Literature and Video Games: Beyond Stereotypes set out to create a space of exchange between literary scholars and game designers – it was never about making games. This held for the Game Jam itself which Dayna Galloway prefaced by sharing Ryan Locke et al.’s ‘The Game Jam Movement: Disruption, Performance and Artwork’ with all participants. The article proposes that a Game Jam is an artistic performance facilitating the formation of new relationships and new ideas. Essentially, Game Jams have the capacity to disrupt preconceptions about the video game industry, who makes games, how games are made, and ultimately, what it means to create a game.
Our title, Kill Your Darlings, intended to capture the multiple levels of the collaborative Game Jam process. On one level, it refers to the potential murder of a loved one within the digital game. On another, it refers to the iterative process of narrative construction and deconstruction as players acquire new information and form their own ideas of the game’s events. And finally, the title is a commentary on the difficulty of having those embedded in literary practices working together with game designers and animators. ‘Kill your darlings’ is a phrase often used by writers in reference to removing some of our best loved sentences, sections, and concepts from our work. In making our game, we killed a lot of our darlings. In doing so, we all learned about the challenges of creating a narrative focused game where designers, animators, and writers are involved from the start. Sometimes, to borrow a term used by Rhianna Pratchett at the conference, being a ‘narrative paramedic’ – a writer who smooths out the narrative towards the end of the game development process – seemed attractive and significantly less stressful than being involved the whole way through.
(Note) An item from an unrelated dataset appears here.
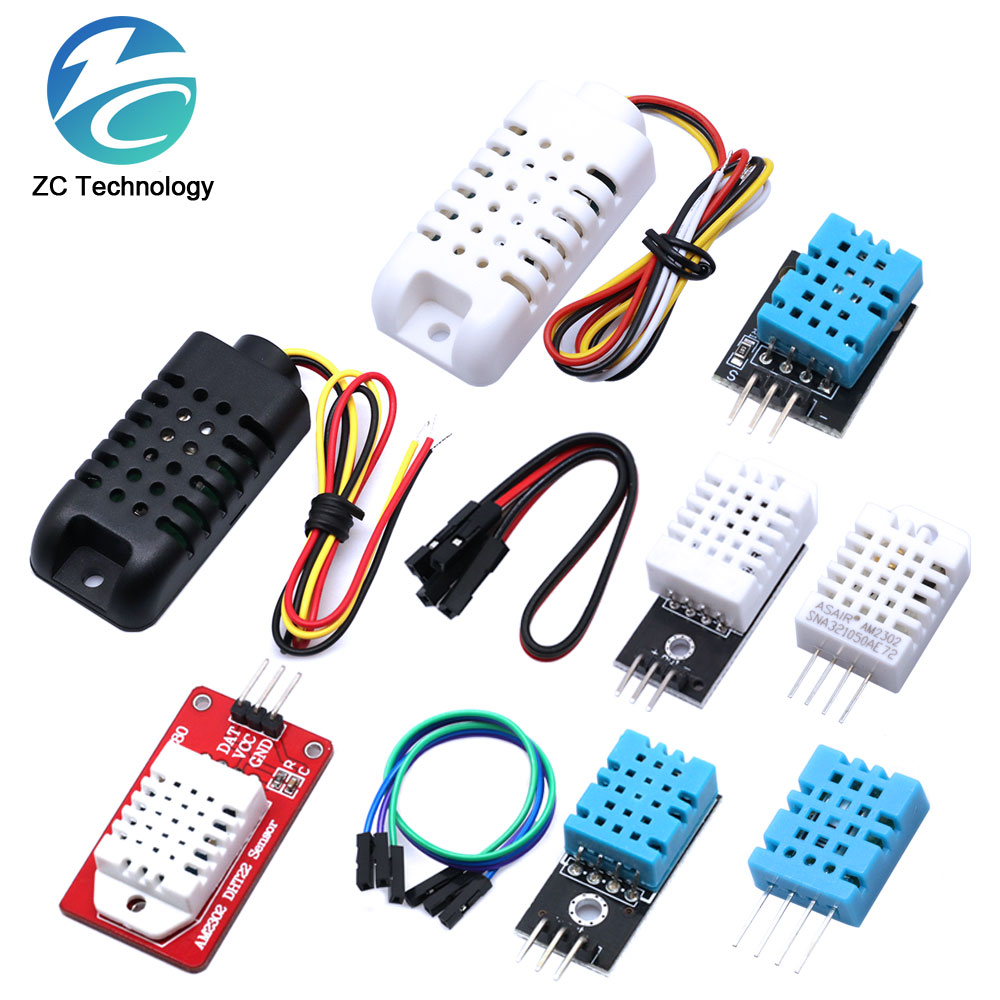 DHT11 DHT22 AM2302B AM2301 AM2 - Dht22 recensie en prijs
Without doing this though, we from literary backgrounds would not have learned so much experientially about game design: terms, constraints, and the stress of the crunch. Certainly, more time needs to be spent thinking about how to effectively action the synthesis between designers and writers and integrate writing more deeply in the production pipeline.
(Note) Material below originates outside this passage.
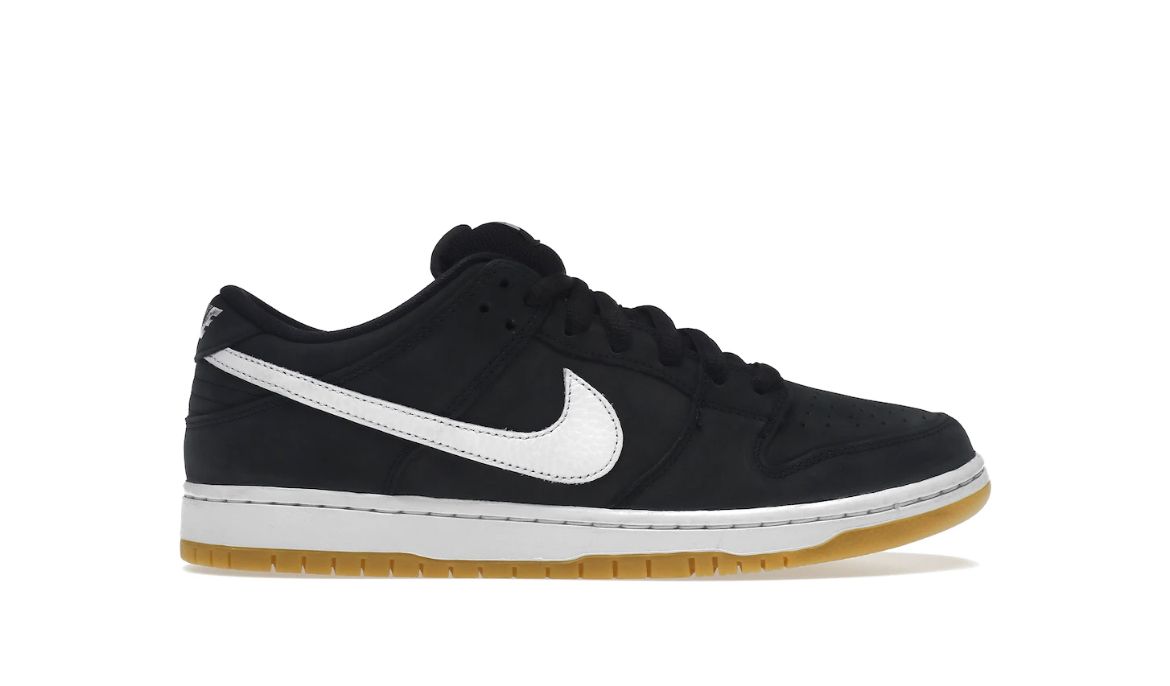 Nike SB Dunk Low Pro Black Gum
In future, attempts at the confluence of game design and literary study might think how to do the inverse: have designers benefit from those with literary backgrounds. Designers understanding the value of those trained in the humanities is key for establishing meaningful connections between the industry and academy. Moreover, basic lectures on design, ludology, and narrative theory might be a useful practice to help bridge terminological gaps and facilitate conversation. Indeed, often the most powerful thing an academic conference can do is bring people together. This event succeeded in doing that. Our team – writers and designers – has continued to work together on Kill Your Darlings. We hope that future conferences and Game Jams aspire to form similar relationships.